Entretien avec Christopher Doyle

à propos du film " Hero " de Zhang Yimou

La Lettre AFC n°143

Wong Kar-wai et Christopher Doyle

Christopher Doyle  : Zhang Yimou est directeur de la photo ; il a un sens visuel très fort. J’ai fait beaucoup de films dans lesquels on évitait la couleur rouge et c’était un choix délibéré ; jusqu’à In the Mood for Love, il n’y a pas de rouge dans les films de Wong Kar-wai. Pour les Chinois, la couleur rouge a une signification très spéciale. Elle exprime la joie. C’est la couleur des mariages, des temples... en quelque sorte c’est la plus belle couleur... et c’est de surcroît une couleur bénéfique, avec beaucoup de références dans la culture chinoise. C’est pourquoi nous l’avons évitée auparavant.

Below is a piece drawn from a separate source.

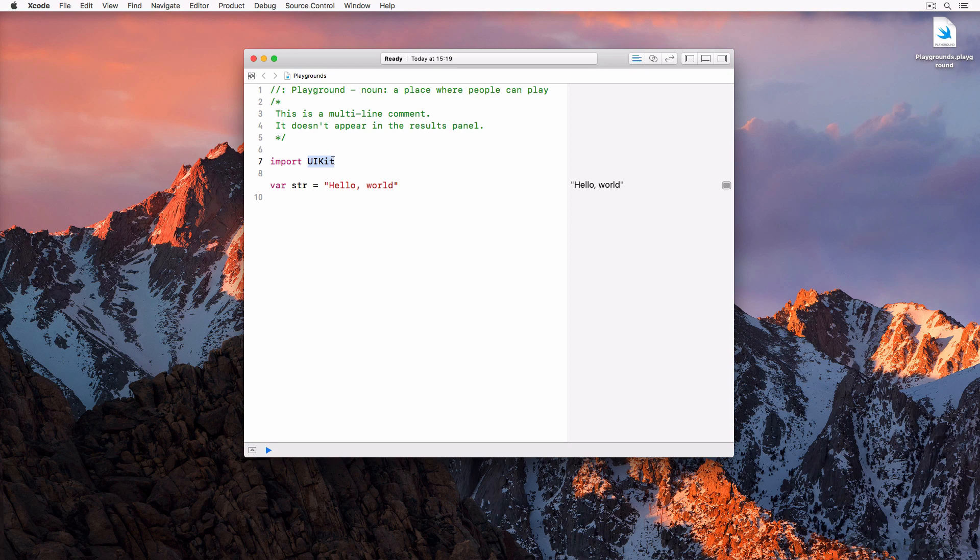By importing the UIKit framework, we gain access to the classes, protocols, and constants defined in the framework. Xcode added the import statement for the UIKit framework because we chose the blank iOS template from the list of templates when we created the playground. Every iOS application relies heavily on the UIKit framework, and that is why Xcode added the import statement for us.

Mais, pour Hero, nous désirions utiliser toutes ces références culturelles. Le point de départ, c’est la couleur. C’est une histoire dans le genre de Rashomon. Avec la couleur en prime. La plus facile était le rouge, le rouge de la passion. Nous n’étions pas sûrs des autres couleurs, et il s’agissait du voyage, fondé en particulier sur des décors naturels. Soixante pour cent du film ont été tournés en extérieurs et on ne peut pas changer, par exemple la couleur d’un lac. Nous savions que le lac et la forêt avec des feuilles jaunes étaient très importants. Alors, nous avons cherché les décors et à partir de ceux-ci nous avons retravaillé le scénario, au lieu d’imposer une couleur à un décor en particulier. Je crois que cette démarche transparaît également dans Last Life in the Universe.

La maison, c’est vraiment un personnage dans le film. Quand nous avons trouvé cette maison, j’ai insisté pour la choisir parce qu’elle avait une telle présence que j’ai pensé que, grâce à elle, le film serait trois fois meilleur. Dans Hero, nous avons choisi les couleurs suivant les décors naturels. Le plus compliqué fut celui du flash back dans le palais de l’empereur quand on essaye de l’assassiner. Nous manquions pratiquement de couleurs, mais nous ne voulions pas utiliser le rose, par exemple ! Notre choix fut la couleur verte, la seule avec laquelle nous nous sommes sentis à l’aise. Je savais par expérience que Fuji a un rendu du vert intéressant et nous avons suivi ce chemin.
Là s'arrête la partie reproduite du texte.